Exercise directions: Give again, word for word, every line below from the one that has "Party Like A" through the one that has "Carte De Remerciements", both included, and no others.

Information shown:
▬▬▬▬▬▬

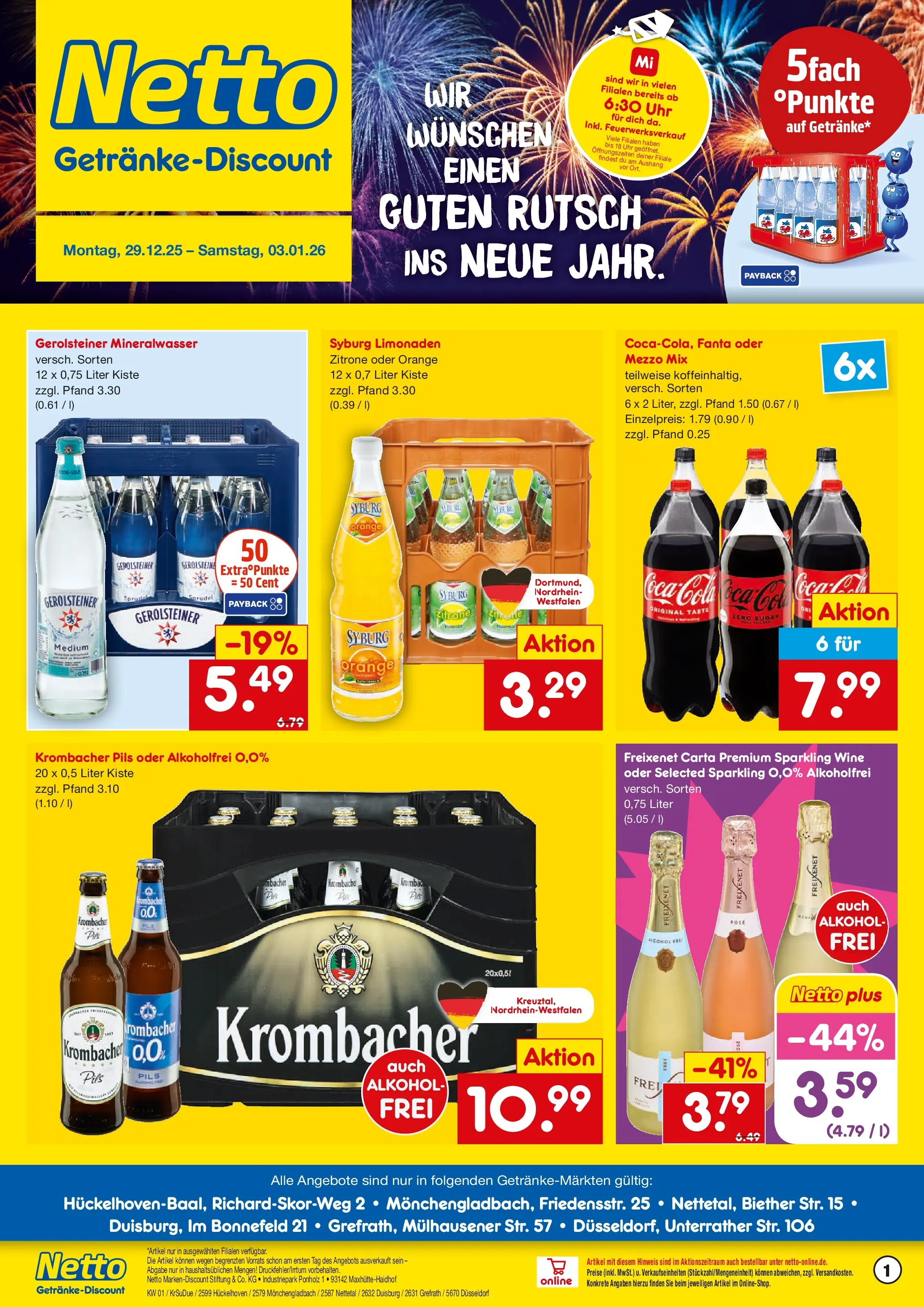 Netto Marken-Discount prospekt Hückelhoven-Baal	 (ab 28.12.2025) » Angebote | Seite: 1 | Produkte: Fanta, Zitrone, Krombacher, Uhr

▬▬▬▬▬▬

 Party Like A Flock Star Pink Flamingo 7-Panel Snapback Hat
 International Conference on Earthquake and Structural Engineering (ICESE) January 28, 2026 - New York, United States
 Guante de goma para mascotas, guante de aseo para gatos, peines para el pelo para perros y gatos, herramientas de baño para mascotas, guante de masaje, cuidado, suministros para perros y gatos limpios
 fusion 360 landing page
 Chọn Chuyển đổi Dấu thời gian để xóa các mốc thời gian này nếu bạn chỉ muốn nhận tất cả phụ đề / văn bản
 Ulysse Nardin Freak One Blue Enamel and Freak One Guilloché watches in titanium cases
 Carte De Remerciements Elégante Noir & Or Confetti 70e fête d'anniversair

▬▬▬▬▬▬

Expected output:
 Party Like A Flock Star Pink Flamingo 7-Panel Snapback Hat
 International Conference on Earthquake and Structural Engineering (ICESE) January 28, 2026 - New York, United States
 Guante de goma para mascotas, guante de aseo para gatos, peines para el pelo para perros y gatos, herramientas de baño para mascotas, guante de masaje, cuidado, suministros para perros y gatos limpios
 fusion 360 landing page
 Chọn Chuyển đổi Dấu thời gian để xóa các mốc thời gian này nếu bạn chỉ muốn nhận tất cả phụ đề / văn bản
 Ulysse Nardin Freak One Blue Enamel and Freak One Guilloché watches in titanium cases
 Carte De Remerciements Elégante Noir & Or Confetti 70e fête d'anniversair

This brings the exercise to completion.